History of the Peloponnesian War

Thucydides

Thucydides. History of the Peloponnesian War. Crawley, Richard, translator. London and Toronto: J. M. Dent and Sons Ltd.; New York: E. P. Dutton and Co., 1914.

After this arrived a thousand Athenian heavy infantry and three hundred horse, under the command of Laches and Nicostratus; whom the Argives, being nevertheless loth to break the truce with the Lacedaemonians, begged to depart, and refused to bring before the people, to whom they had a communication to make, until compelled to do so by the entreaties of the Mantineans and Eleans, who were still at Argos.

The Athenians, by the mouth of Alcibiades their ambassador there present, told the Argives and the allies that they had no right to make a truce at all without the consent of their fellow-confederates, and now that the Athenians had arrived so opportunely the war ought to be resumed.

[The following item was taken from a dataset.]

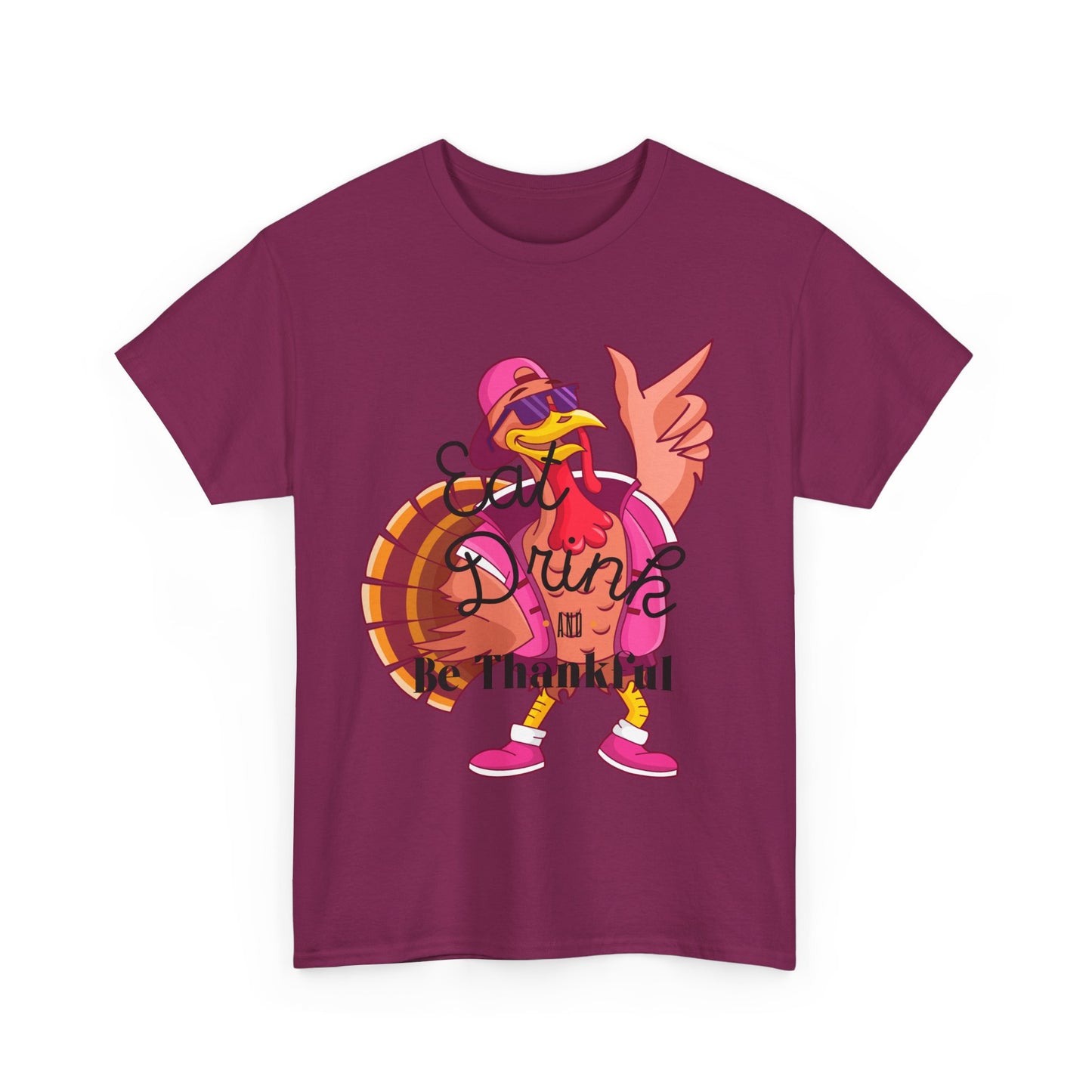 Eat Drink Unisex Heavy Cotton Tee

These arguments proving successful with the allies, they immediately marched upon Orchomenos, all except the Argives, who, although they had consented like the rest, stayed behind at first, but eventually joined the others.

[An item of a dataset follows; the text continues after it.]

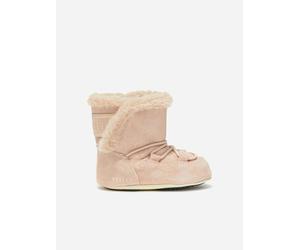 Moon Boot Baby Girls Suede Crib Boots in Pink - Pink - EU 17 - 18 UK 1 - 2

They now all sat down and besieged Orchomenos, and made assaults upon it; one of their reasons for desiring to gain this place being that hostages from Arcadia had been lodged there by the Lacedaemonians.

The Orchomenians, alarmed at the weakness of their wall and the numbers of the enemy, and at the risk they ran of perishing before relief arrived, capitulated upon condition of joining the league, of giving hostages of their own to the Mantineans, and giving up those lodged with them by the Lacedaemonians.